___ The data ___

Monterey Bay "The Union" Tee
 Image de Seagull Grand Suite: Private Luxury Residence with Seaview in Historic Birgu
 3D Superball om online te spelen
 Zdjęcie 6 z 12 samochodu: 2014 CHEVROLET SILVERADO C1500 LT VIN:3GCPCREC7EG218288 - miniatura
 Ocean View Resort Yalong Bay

___
___ The data ___

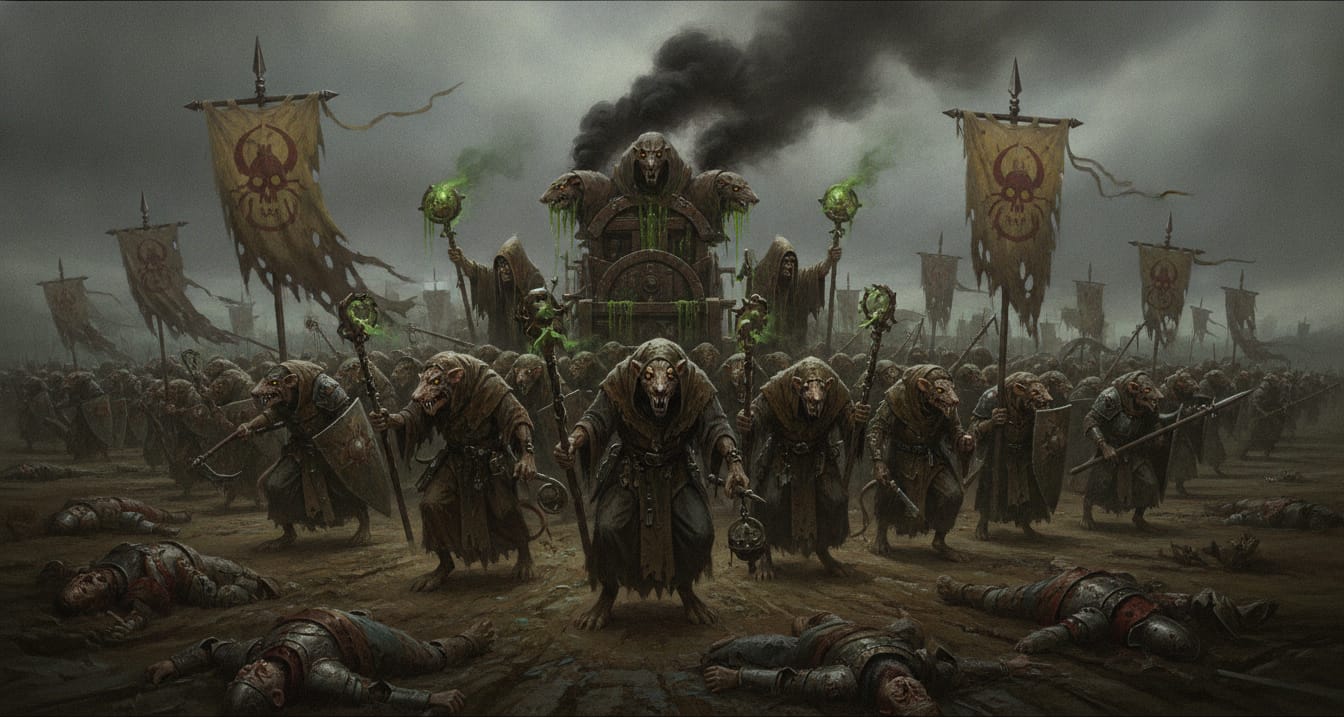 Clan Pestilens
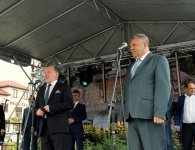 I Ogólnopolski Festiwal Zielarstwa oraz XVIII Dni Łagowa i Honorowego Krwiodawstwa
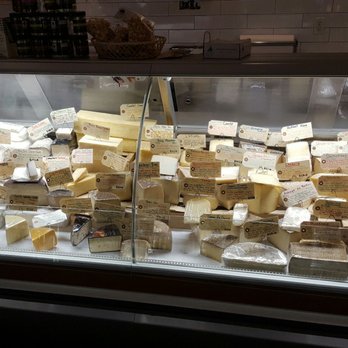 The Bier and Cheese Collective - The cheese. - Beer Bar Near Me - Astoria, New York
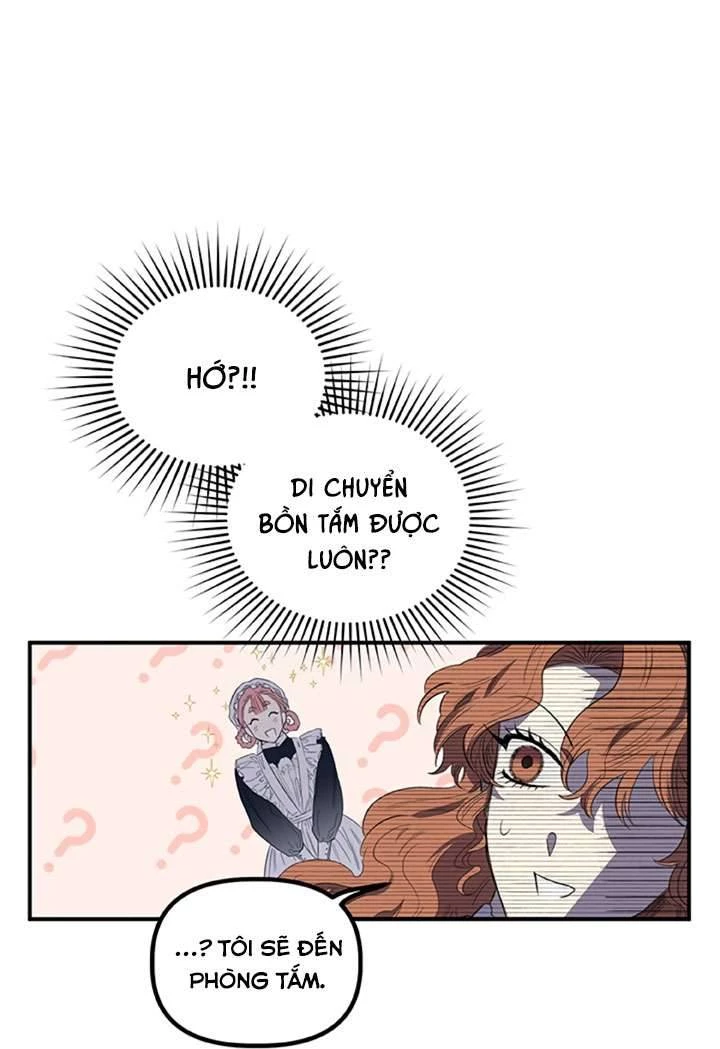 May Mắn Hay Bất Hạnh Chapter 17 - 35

___

Assigned task:
Range to copy from the listing above: the line containing "I Ogólnopolski Festiwal" down to the line containing "May Mắn Hay Bất Hạnh Chapter 17 - 35", both included. Reproduce it exactly, minus the pictures, and add nothing.

Your solution:
 I Ogólnopolski Festiwal Zielarstwa oraz XVIII Dni Łagowa i Honorowego Krwiodawstwa
 The Bier and Cheese Collective - The cheese. - Beer Bar Near Me - Astoria, New York
 May Mắn Hay Bất Hạnh Chapter 17 - 35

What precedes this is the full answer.